Landesgeschichtliches Informationssystem Hessen

Hessische Quellen zum Ersten Weltkrieg

↑ Kriegsnotizen des Soldaten August Rompf aus Dillenburg, 1914

Abschnitt 6: Brief August Rompfs aus dem Lazarett an seine Mutter in Dillenburg

[50-51] Westroosebeke1, den 6.11.1914

Mein liebes, gutes Mütterlein!

Heute an Deinem Geburtstage muß ich ganz besonders viel an Dich denken. Den Geburtstagsbrief wirst Du ja noch erhalten haben. Da ich ja weiß, daß auch Du Dein ganzes Vertrauen auf den lieben Gott setztest, fasse ich den Mut Dir endlich direkt mitzuteilen, daß es Gottes Wille war, daß ich am Sonntagabend durch eine feindliche Kugel verwundet wurde. Wir wollten gerade wieder Schützengräben für die Nacht beziehen, da traf mich die Kugel und ging mir von links nach rechts etwa zwischen Bauch und Lunge durch den Körper.

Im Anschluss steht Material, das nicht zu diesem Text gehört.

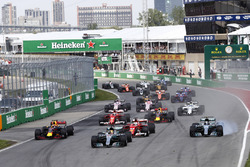 Lewis Hamilton, Mercedes AMG F1 W08, Valtteri Bottas, Mercedes AMG F1 W08, Sebastian Vettel, Ferrari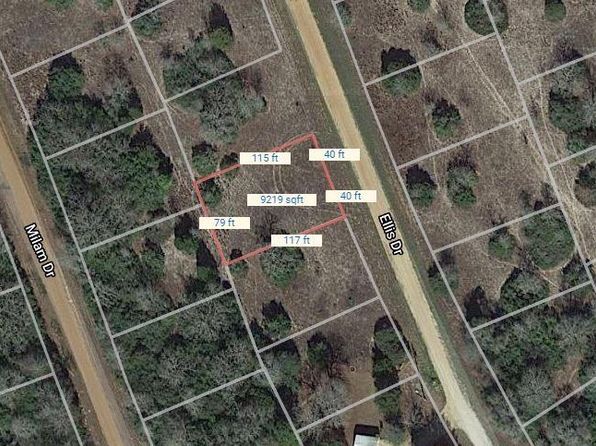 36 Ellis Dr, Hilltop Lakes, TX 77871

Wille Henn von Herborn ging gerade neben mir. Er und einige Kameraden halfen mir gleich zum nächsten Verbandsplatz und in einigen Minuten war ich schon verbunden und weich auf Stroh und Decken gebettet. Willi Henn blieb die ganze Nacht an meiner Seite und half mir, wo es nötig war. Ich bin ihm natürlich sehr dankbar dafür. Am Montagmorgen wurde ich gleich hierher ins Lazarett gebracht und wird nun alles an mir getan was sich tun läßt. Jetzt darf ich wieder essen und trinken und so wird sich die Sache wohl auch bald wieder machen.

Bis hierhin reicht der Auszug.